Я — это я!
23 мая 2017 г. в 11:49
POV Катя Пушкарева.
Ромка приехал без опозданий, о чем-то пошептался с Андреем и увез нас с Колькой к Юлиане. Как выяснилось, она занималась пиар-раскруткой разных проектов. Даже самых безнадежных. Сейчас таким проектом для нее стали мы с Зорькиным, причем, к моему огромному удивлению, не просто не безнадежным, а очень даже перспективным.
— О! Свет моих очей! Юлианочка, ты хорошеешь с каждым часом. Позволь, душа моя, ручку.
— А сердце? — Виноградова шутливо ткнула зонтиком в Ромку. Ничего не понимаю, дождя, вроде, не намечается, зачем ей зонтик, который она не выпускает из рук?
— Нет, только ручку. И на время, не навсегда, не для колечка на пальчик. Токмо облобызать.

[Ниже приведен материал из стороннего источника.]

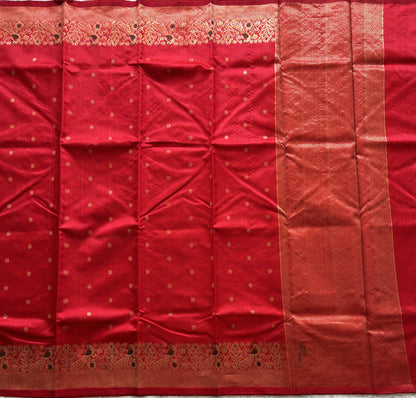 Red Chanderi Silk Saree With Gold Zari Border — Pure Handloom | Silk Mark Certified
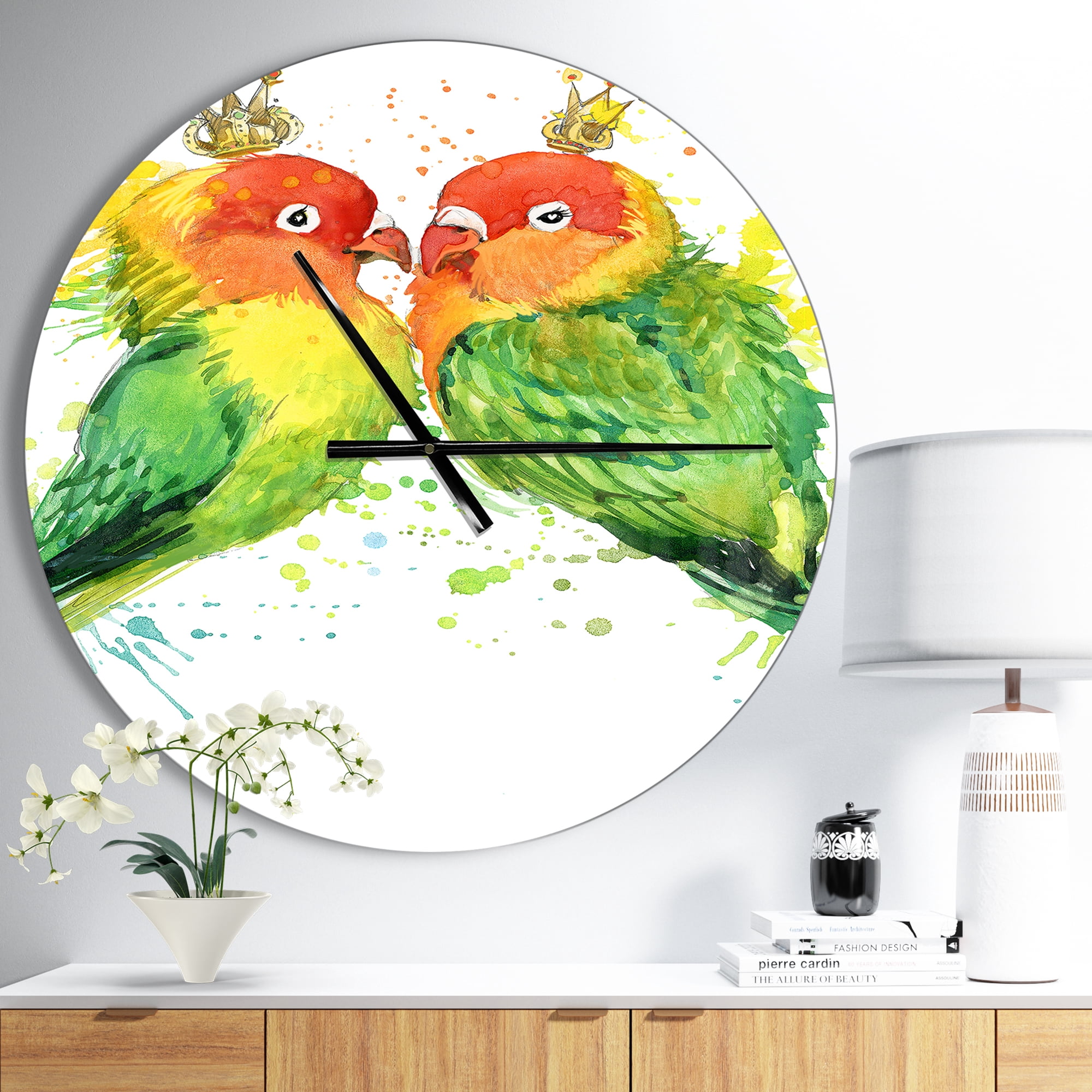 Designart 'Family Parrots ' Modern wall clock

— Вот же болтун несносный. Здравствуйте! Насколько я понимаю вы Катерина и Николай?
— Да, здравствуйте, — едва пискнула я, оробев при виде такой красивой, стильной и такой доброжелательной женщины.
— Здравствуйте! А мне можно? — спросил Колька.
— Что? — красиво изогнутая бровь Юлианы пошла вверх?
— Облобызать. Нет, я бы и колечко и сердце в придачу, но увы, колечко мне не по карману, а сердце вы вряд ли примете.
Я только рот от удивления открыла. Что же это делается? Колька, мой Колька, который и при менее эффектных и недосягаемых барышнях, например, при Марине с нашего двора (обычной смазливенькой пустышке), и слова никогда сказать не смел, сразу красными пятнами покрывался, да заикаться начинал, вдруг разразился такой тирадой! Да так бодро и смело, что будто и не Зорькин вовсе. Это, видно, со вчерашнего вечера у него еще остался запал, когда он нас с Андреем материл.
— Так, этот не совсем безнадежен, — хохотнула Юлиана, хлопнув Кольку рукою по лбу. — А вот с Андрюшкиной женой повозиться придется.
— Все так плохо? Безнадежно? — понуро спросила я, уже поверившая Андрею, что у меня есть потенциал для преображения.
— Нет, не так плохо. Все еще хуже, чем просто плохо. Даже хуже, чем безнадежно. И дело вовсе не во внешних данных. Сделать тебя красавицей можно часа за четыре.
— Тогда что? В чем дело? — спросила я робко.
— В глазах, вернее в их затравленном выражении. Как будто ты все время удара ждешь. Да вот в этой рабской покорности: «Все так плохо? Безнадежно?», — передразнила она меня. Ты не готова меняться, девочка. Не готова принять себя красавицей. Слушай, а может тебе нравится страдать? Тогда я бессильна. Значит так, дорогие мои, программа у нас такая. Ромка!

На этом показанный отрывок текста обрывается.